Afrodita, Diosa del Amor

    Al parecer Afrodita (que los latinos identificaron como Venus) no es sino la diosa mesopotámica Ishtar, que entre fenicios se transformó en Astarté y que en definitiva simbolizaba a la Gran Madre común de la fertilidad. Divinidad pues de origen oriental (como otras), según la versión clásica no nació como el resto de sus compañeras de una unión sexual, sino que emergió de la espuma del mar fecundada por los órganos de la procreación de Urano cortados por Crono (aunque otra versión la hace hija de Zeus y de Dione).

    El mito tradicional relata que era tan bella la diosa al surgir de las aguas, que las Nereidas y Tritones y los demás habitantes del mar acudieron presurosos a contemplarla, rodeando su concha nacarada que era carro y cuna a la vez. Entonces el halago del aire puro, susurro del cielo azul, le arrancó un blando suspiro que repitió estremecido el universo. Las olas empezaron a mecerla dulcemente en caricias sin fin, el aire se hizo más leve y toda la naturaleza pareció regocijarse con la presencia de Afrodita. La consecuencia es lógica, porque solamente hasta aparecer la diosa fue cuando el mundo empezó a sentir las verdaderas palpitaciones del amor y la alegría de vivir.

    Empujada la frágil concha por el Céfiro y guiada por el cortejo acuífero divino, Afrodita alcanzó primero Citera y luego la costa de la isla de Chipre (cosa nada casual por ser zona de influencia de los antiguos fenicios). Entonces salió de la embarcación desnuda por completo; sus menudos pies acariciaban la arena de la playa, y como primera providencia cogió su hermosísima y larga cabellera y exprimió el agua salada que la empapaba. Las Horas, distribuidoras de la lluvia, la recibieron en Chipre como reina y se ofrecieron para ser las preceptoras de la diosa del amor. Una se encargó de velar sus dulces sueños y de despertarla suavemente, otra le enseñó a adornarse con naturalidad para cautivar a inmortales y mortales, otra le trajo cada día las primicias de los frutos de la tierra, y las demás le enseñaron ternura, prudencia, bondad y sobre todo humanidad, porque Afrodita será quizá la más humana de todas las divinidades.

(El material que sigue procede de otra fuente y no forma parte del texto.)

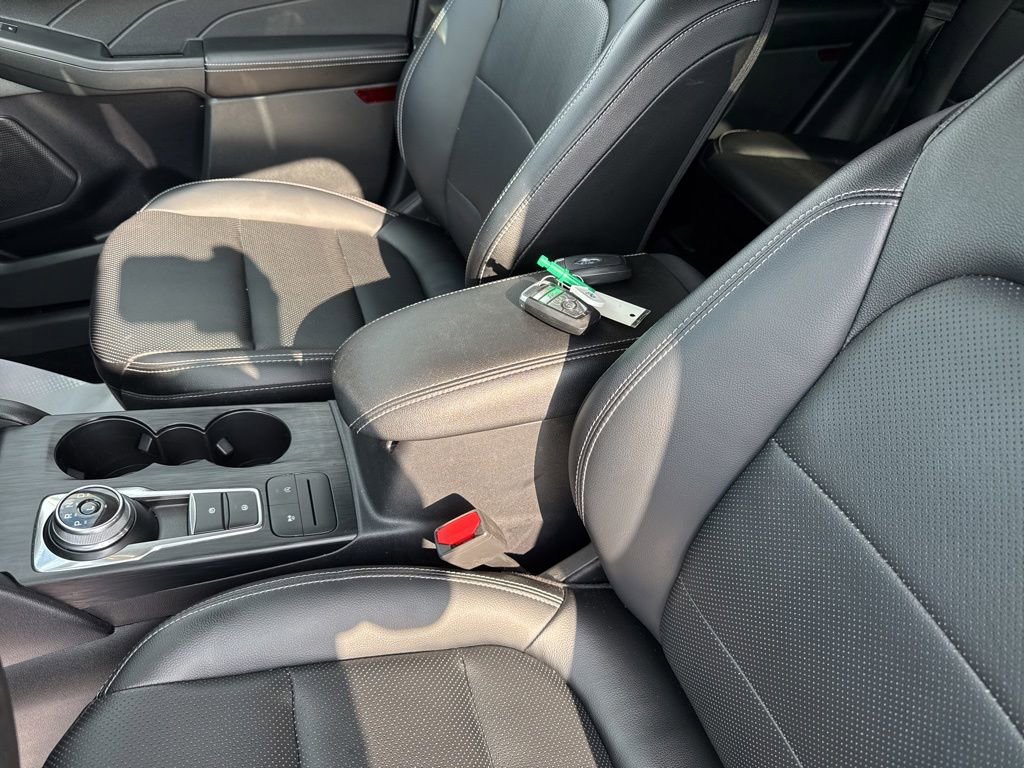 Used 2022 Ford Escape SEL FWD image 25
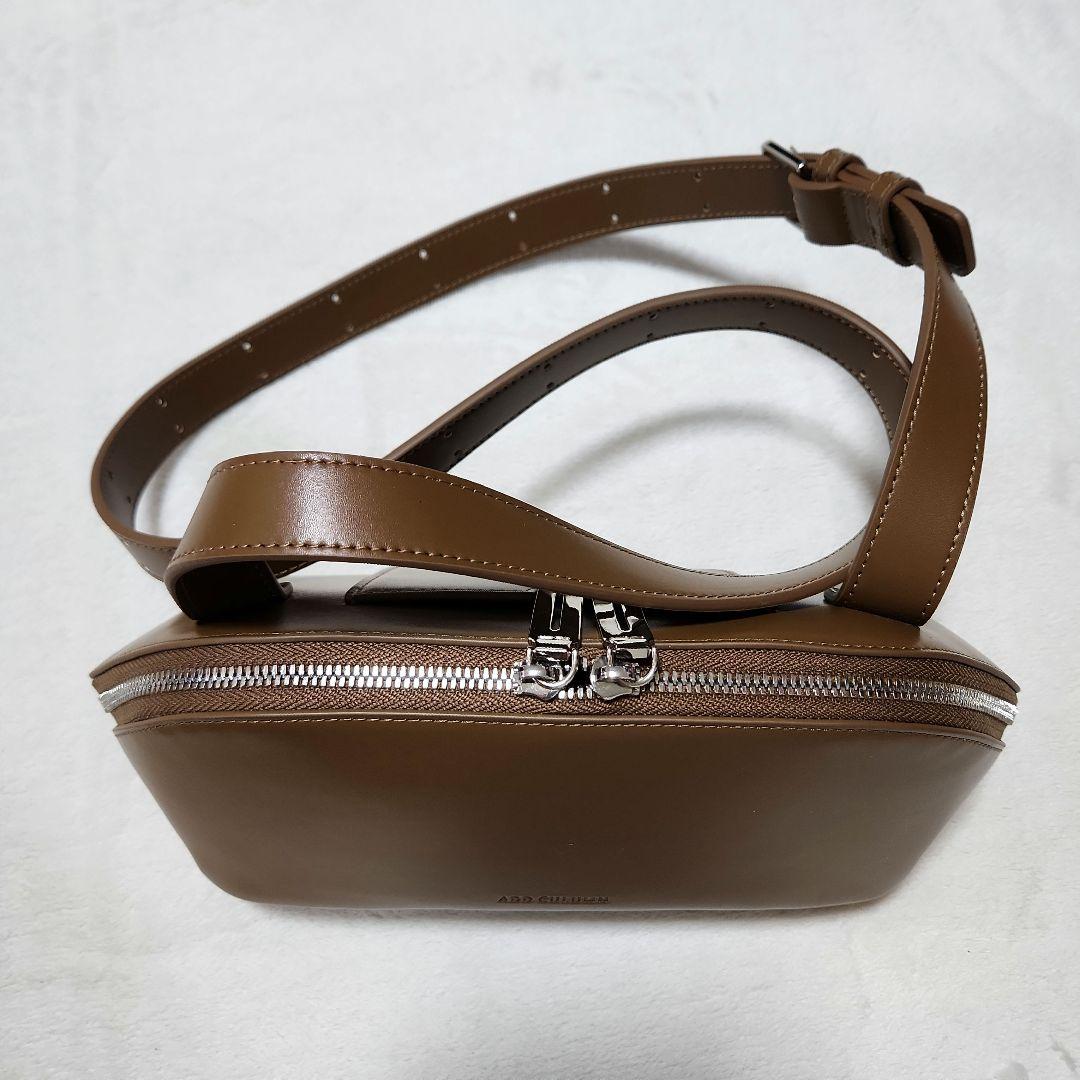 Sです(*^^*)アドカラム　ボディバッグ　ショルダーバッグ　ブラウン系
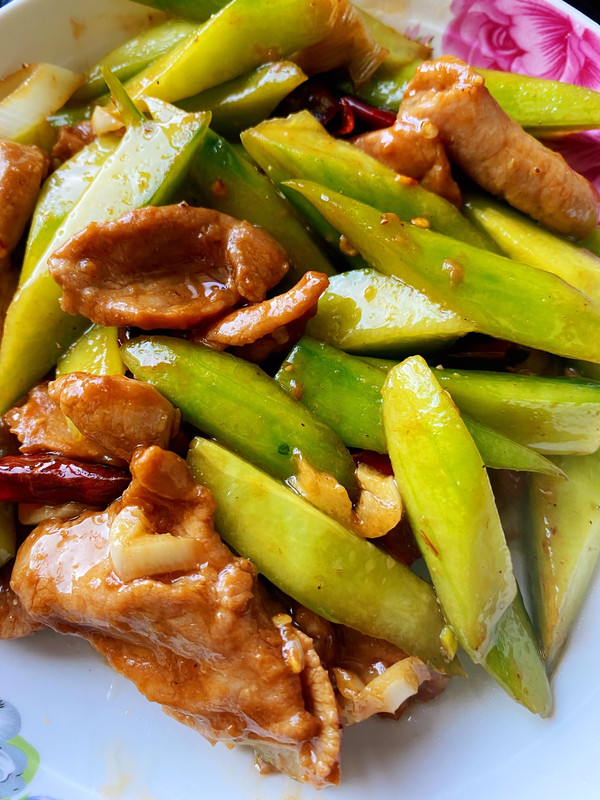 因为这道黄瓜肉片,从此爱上了做饭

    La fama, mensajera de Zeus, pregonó por todo el Olimpo las excelencias de la nueva diosa, y las divinidades masculinas por el deseo y las femeninas por malévola curiosidad quisieron conocer a la que había despertado tanta expectación. Las Horas perfumaron a sus pupila, colocaron en su preciosa cabeza una inmarchitable guirnalda de flores y le dieron el célebre ceñidor con el cual todos los que la contemplaran caerían rendidos de amor. Afrodita surcó los aires y se presentó en el Olimpo acompañada de sus fieles servidores Eros e Himeros, el Amor y el Deseo. La llegada de la diosa desbordó la expectación que había ocasionado y las aprobaciones entre los inmortales fueron unánimes. No así entre las demás diosas, que veían en la forastera una rival difícil de desbancar, en especial Hera y Atenea no pudieron evitar su inquietud y sus celos.

    El deseo prendió entre los dioses y de las frases galantes pasaron al atrevimiento; todos querían poseer a Afrodita aunque fuera legalmente, es decir casándose con ella; incluso el propio Zeus se atrevió a susurrarle palabras de amor... Sin embargo Afrodita era todavía muy joven e inexperta y además en medio se hallaba la altiva Hera, con la que por el momento era imposible competir. Zeus se dio cuenta de ello y, para evitar cualquier problema personal (siempre tendría tiempo de convertirla en su amante, aunque fuera su propia hija, pues este vínculo familiar no significaba gran cosa para el padre de los dioses) y cualquier desorden en el Olimpo por la posesión de Afrodita, decidió casarla con su hijo Hefesto, como premio a haberle forjado el rayo y construido el trono y un palacio abovedado con acero y metales nobles.


    De esta forma, Zeus hizo unir al más feo de los dioses (pero también uno de los más buenos y sabios) con la diosa más bella. Este matrimonio lo consideraríamos en términos actuales como un casamiento de Estado, un matrimonio de conveniencia, sin amor, que provocó muchas infidelidades en Afrodita y que sufrió siempre con mayor o menor resignación el buenazo de Hefesto.